Thankfully, Howl was not these things.

As directors Rob Epstein and Jeffrey Friedman (pictured) were quick to point out, it’s not a traditional biopic.  Rather than taking a nauseatingly pretentious fictionalized form like, say, I’m Not There, it pulls its dialogue directly from the historical record, and consists mainly of three parts: the 1957 obscenity trial (created from actual court transcripts) against Ginsberg’s publisher, Ginsberg (as Franco) discussing his life and work through interviews and flashbacks (all taken from interviews with Ginsberg), and an animated version of the poem itself.

The first pleasant surprise was that they didn’t deify or try to mythologize Allen Ginsberg, or pack more politics onto his work than deserved to be there.  The Allen Ginsberg Howl presents isn’t a prodigy whose work “inspires a generation” or anything that’d make my dismissive wank hand twitch.  We see Ginsberg honestly struggle at his craft, at times trying to imitate and failing to impress his crush Jack Karouac, and talking about his work in a less self-important way than you might expect (at one point: “I needed another word there and, well, I guess it had to be ‘windows’, didn’t it”).

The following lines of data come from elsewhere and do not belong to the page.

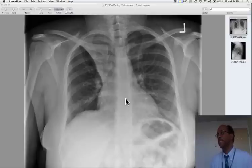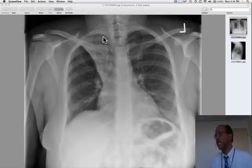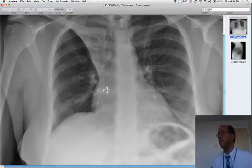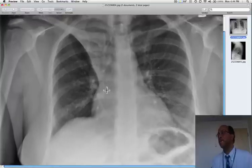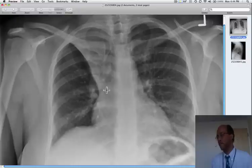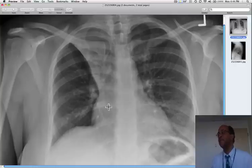First we can appreciate that there's a triangular opacity in the right upper hemithorax. Sometimes it's useful to say hemithorax rather than lung or pleura — it allows us some time to arrive at a conclusion. So there's a triangular opacity here, and whenever we see that, we want to think about right upper lobe collapse.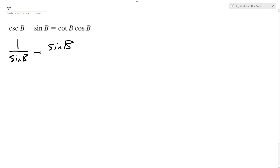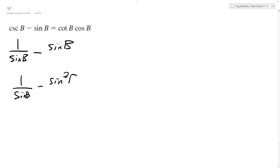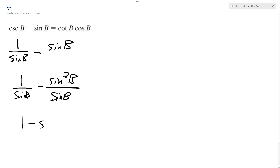So here what I'm gonna do is get a common denominator. It's gonna be 1 over sine B minus sine squared B over sine B — I just multiplied sine B over sine B. So I get 1 minus sine squared B over sine B.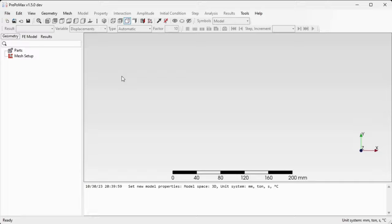In this video I will demonstrate how to use transfinite hexahedral meshing using the gmesh mesher built inside PrePoMax.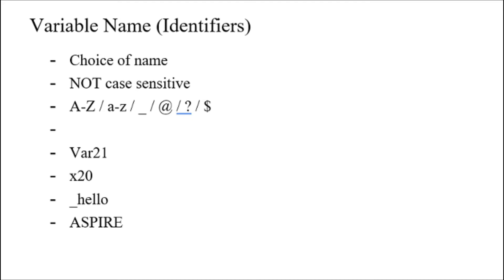The first character of your variable name or identifier must be a letter from A to Z, uppercase or lowercase. It can also start with an underscore, at sign, question mark, or dollar sign. The only restriction is that we cannot start with a number, but subsequent characters may be numbers.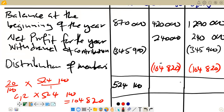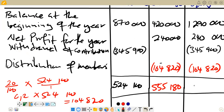We can now find the final balances. For retained earnings: 420,000 plus 240,000 minus 104,820 gives 555,000. For total equity: 1,290,000 plus 240,000 minus 345,900 minus 104,820 gives 1,079,280. This is positive, so we leave it as is. This completes the statement of changes in equity.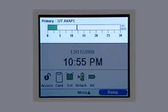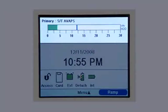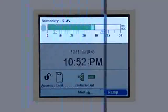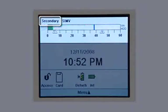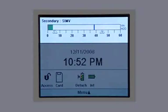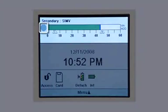If the physician has ordered two different prescriptions — for example, one setting for daytime and another one for nighttime — you will see primary and secondary indicated. A patient breath symbol displays during a patient-triggered breath.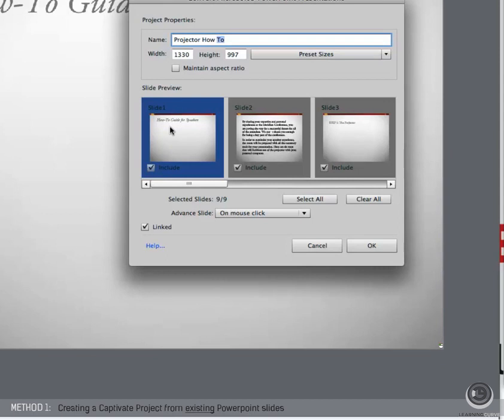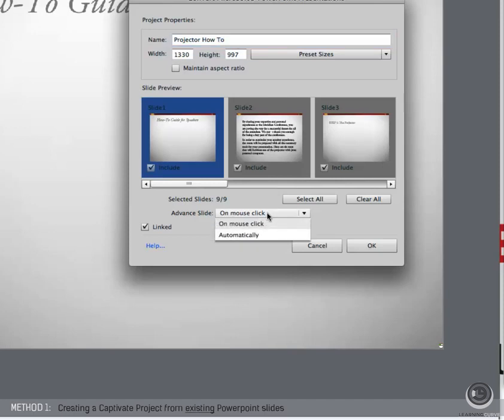Select the PowerPoint slides to convert to the Adobe Captivate project slides. You may not want all of them. And set your navigation preferences for the selected slides, either to progress automatically as the project launches, or to allow the user to navigate through the content on mouse click.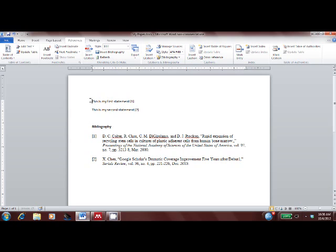This concludes our tour of the Mendeley Desktop. Be sure to click on the next link for a tour of our web application.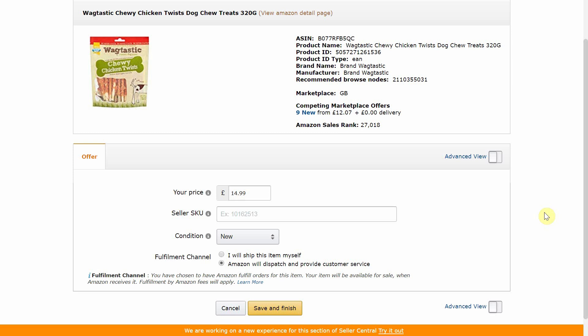Ordinarily I would have my custom SKUs all ready to copy and paste as I list my items, but for today we are going to be doing it inside the portal. The first part of my custom SKU is where I purchased the item from, which in this case is Tesco. I personally use an abbreviation of the store, so in this case it will be TC. If you are doing FBA then your customer will not see your SKU. However if you are doing FBM then your customer will see your SKU, so be mindful of the information you put in and how it's formatted. For example, I wouldn't recommend putting the full name of your retailer such as Tesco, as your customer may get a funny feeling.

Howl doesn’t make Ginsberg out to be a guy who had a gift from God or someone who was destined for greatness.  And though I expected some heavy-handed meditation on “the power of words”, what I got instead was a focus on how you should be able to speak to your muse the same way you would to your friends.  The way Epstein and Friedman handle the trial plays up the silliness of it rather than making Ginsberg into a martyr.  And it was silly — why shouldn’t you be able to write the way you talk, with slang and cuss words and sex talk?  I can dig that, maaaaan.  (*bongo drum solo*)

The other smart thing Howl does is put Ginsberg in context.  Whereas I expected serious cafe readings and spindly hepcats in berets, Ginsberg’s audience was mostly rooms full of rowdy college kids drinking jugs of wine.  Which grounds his work — duh, of course he wrote rhythmic, narrative poems full of swear words and sexual imagery — he was trying to entertain his friends.  (He should’ve tried pulling his scrotum out of his fly and asked if anyone had tickets to the ball game, but I digress).

Oh right, what was that I said about animations?  Yeah, those don’t work.  At one point in the film, Treat Williams is on the stand being asked by prosecutor David Strathairn to explain a passage from Howl, and he says, “You can’t translate poetry into prose.”   And yet that’s exactly what the animated sequences try to do, turning Howl into the narration of some strange, CGI music video.  The very first question the filmmakers were asked during the Q & A made this exact point, and their response was that they knew it was a risk, but thought they needed a different way to present the material to keep things interesting.  Fair enough, but this wasn’t it. The drawings just seem silly, and the imagery is kind of repetitive.  How many times can we see a guy running across rooftops or the camera disappearing down someone’s throat?  It’s kind of like a dream sequence or anyone wanting to tell you about their dream: your dream better be the most whacked-out thing I’ve ever heard, otherwise I don’t care.  I get it, it was surreal, no one cares.

Anyway, like I said, a pleasant surprise, but not perfect.